9. The method of claim 8, wherein said polymeric material is a copolymer of tetrafluoroethylene and perfluoro-3,(5+n)-dioxa-4-methyl-(6+n)-alkenesulfonyl halide in acid or ionomer form, wherein n is equal to 1 or greater.

10. The method of claim 1, wherein said polymeric material is in the form of a membrane, and said fullerene material is doped into said membrane.

11. The method of claim 1, wherein said polymeric material is selected from the group consisting of poly(ether ether ketone), poly(arrylene ether sulfone), poly (phenylene ether), sulfonated poly(ether ether ketone), sulfonated poly(ethersulfone), sulfonated poly(phenylquinoxaline), sulfonated poly(arylene sulfone), sulfonated poly(arylene ether sulfone), sulfonated poly(phenylene sulfide), sulfonated poly(imides), sulfonated poly(benzimidazole), sulfonated poly(phosphazine), and sulfonated poly(sulfone).

12. A proton conductor comprising a polymeric material and a minor amount of a proton conductive fullerene material incorporated into said polymeric material, said amount being effective to enhance the low relative humidity proton conductivity properties of said polymeric material.

13. The proton conductor of claim 12, wherein said amount is less than about 30% by weight.

14. The proton conductor of claim 13, wherein said amount is within the range of from about 1 to about 10% by weight.

15. The proton conductor of claim 12, wherein said fullerene material contains bound water, or a plurality of functional groups with lone pair electrons, or a combination thereof.

16. The proton conductor of claim 12, wherein said fullerene material comprises C60.

17. The proton conductor of claim 12, wherein said fullerene material comprises polyhydroxylated fullerene, polysulfonated fullerene, or polyhydroxylated polysulfonated fullerene.

18. The proton conductor of claim 12, wherein said polymeric material is a sulfonated perfluoro polymer, polyethylene oxide, polystyrene or sulfonated polystyrene.

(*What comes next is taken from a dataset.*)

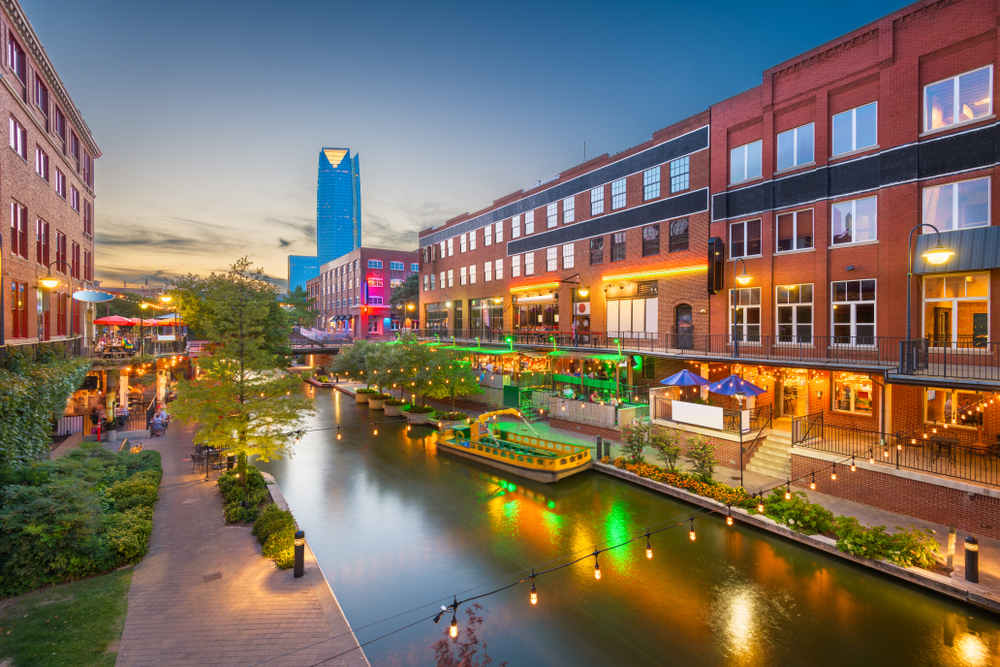View of buildings on either side of a canal in Oklahoma City, one of the best places to visit in July, as seen at dusk with a still sky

19. The proton conductor of claim 18, wherein said polymeric material is a copolymer of tetrafluoroethylene and perfluoro-3,(5+n)-dioxa-4-methyl-(6+n)-alkenesulfonyl halide in acid or ionomer form, wherein n is equal to 1 or greater.

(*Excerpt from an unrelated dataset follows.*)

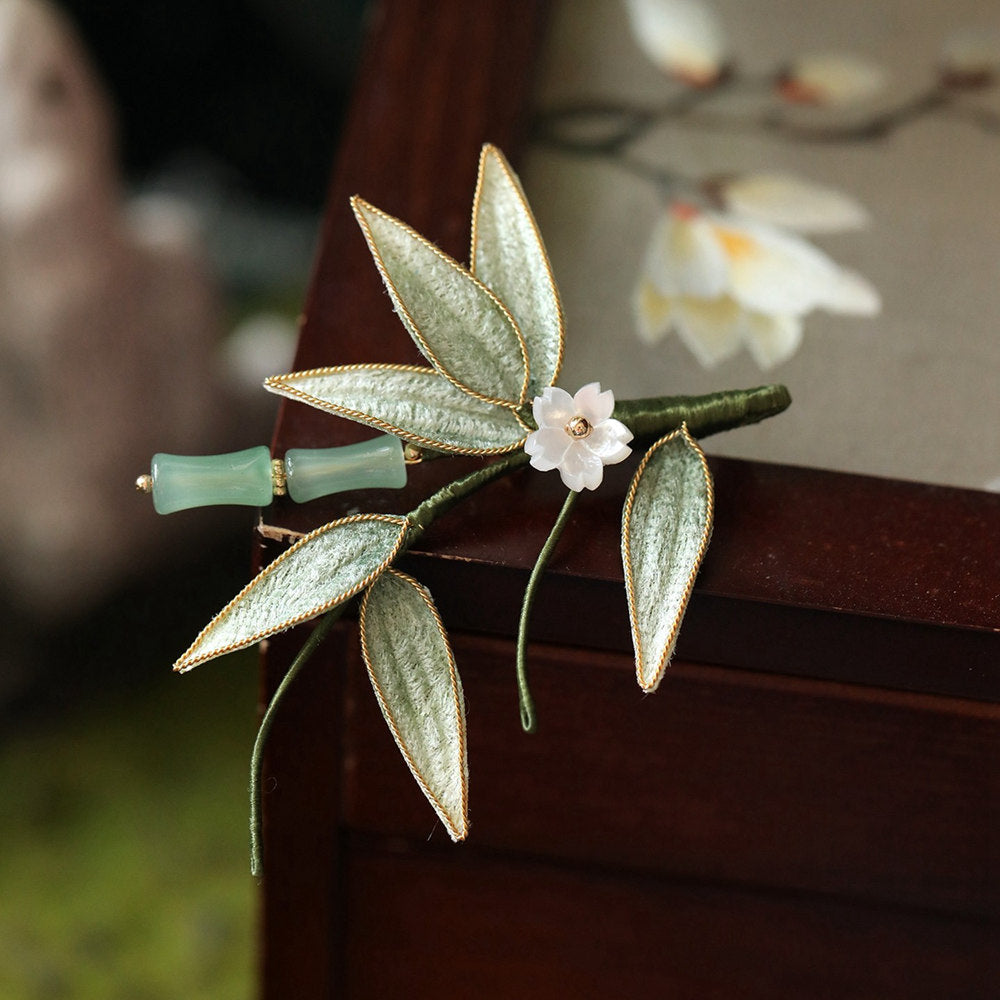 brooch pinned to a wooden frame display, warm tones and styling idea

20. The proton conductor of claim 12, wherein said polymeric material is in the form of a membrane, and said fullerene material is doped into said membrane.

21. The proton conductor of claim 12, wherein said polymeric material is selected from the group consisting of poly(ether ether ketone), poly(arrylene ether sulfone), poly (phenylene ether), sulfonated poly(ether ether ketone), sulfonated poly(ethersulfone), sulfonated poly(phenylquinoxaline), sulfonated poly(arylene sulfone), sulfonated poly(arylene ether sulfone), sulfonated poly(phenylene sulfide), sulfonated poly(imides), sulfonated poly(benzimidazole), sulfonated poly(phosphazine), and sulfonated poly(sulfone).

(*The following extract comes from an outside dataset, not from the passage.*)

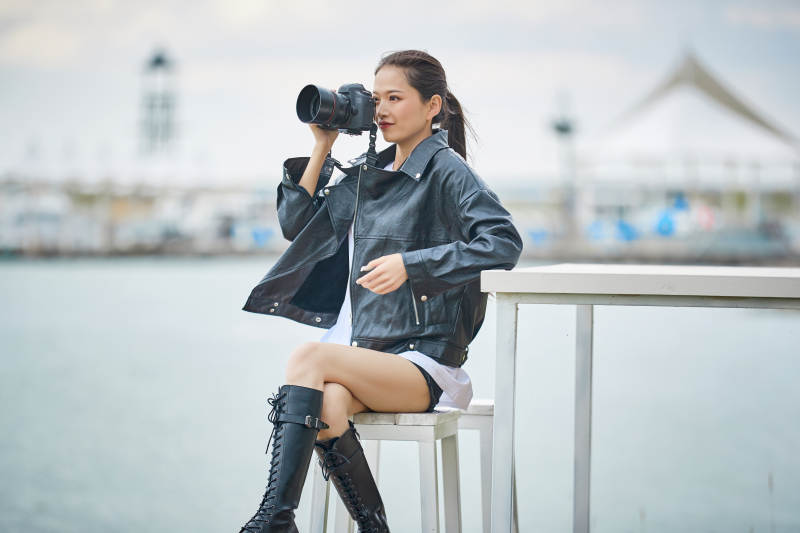 户外湖畔进行拍摄的亚洲青年女性摄影师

22. A fuel cell comprising a first electrode, a second electrode, and a proton conductor that is positioned between the first and second electrodes, said proton conductor comprising a polymeric material and a minor amount of a proton conductive fullerene material incorporated into said polymeric material, said amount being effective to enhance the low relative humidity proton conductivity properties of said polymeric material.

23. The fuel cell of claim 22, wherein said amount is less than about 30% by weight.

24. The fuel cell of claim 23, wherein said amount is within the range of from about 1 to about 10% by weight.

25. The fuel cell of claim 22, wherein said fullerene material contains bound water, or a plurality of functional groups with lone pair electrons, or a combination thereof.

26. The fuel cell of claim 22, wherein said fullerene material comprises C60.

27. The fuel cell of claim 22, wherein said fullerene material comprises polyhydroxylated fullerene, polysulfonated fullerene, or polyhydroxylated polysulfonated fullerene.

28. The fuel cell of claim 22, wherein said polymeric material is a sulfonated perfluoro polymer, polyethylene oxide, polystyrene or sulfonated polystyrene.

29. The fuel cell of claim 28, wherein said polymeric material is a copolymer of tetrafluoroethylene and perfluoro-3,(5+n)-dioxa-4-methyl-(6+n)-alkenesulfonyl halide in acid or ionomer form, wherein n is equal to 1 or greater.

30. The fuel cell of claim 22, wherein said polymeric material is in the form of a membrane, and said fullerene material is doped into said membrane.

31. The fuel cell of claim 22, wherein said polymeric material is selected from the group consisting of poly(ether ether ketone), poly(arrylene ether sulfone), poly (phenylene ether), sulfonated poly(ether ether ketone), sulfonated poly(ethersulfone), sulfonated poly(phenylquinoxaline), sulfonated poly(arylene sulfone), sulfonated poly(arylene ether sulfone), sulfonated poly(phenylene sulfide), sulfonated poly(imides), sulfonated poly(benzimidazole), sulfonated poly(phosphazine), and sulfonated poly(sulfone).

Description:

CROSS-REFERENCES TO RELATED APPLICATIONS

This patent application is a continuation-in-part of U.S. patent application Ser. No. 10/867,380 filed Jun. 12, 2004, which claims the benefit of U.S. Provisional Application No. 60/477,971, filed Jun. 12, 2003, and U.S. Provisional Application No. 60/500,603, filed Sep. 5, 2003.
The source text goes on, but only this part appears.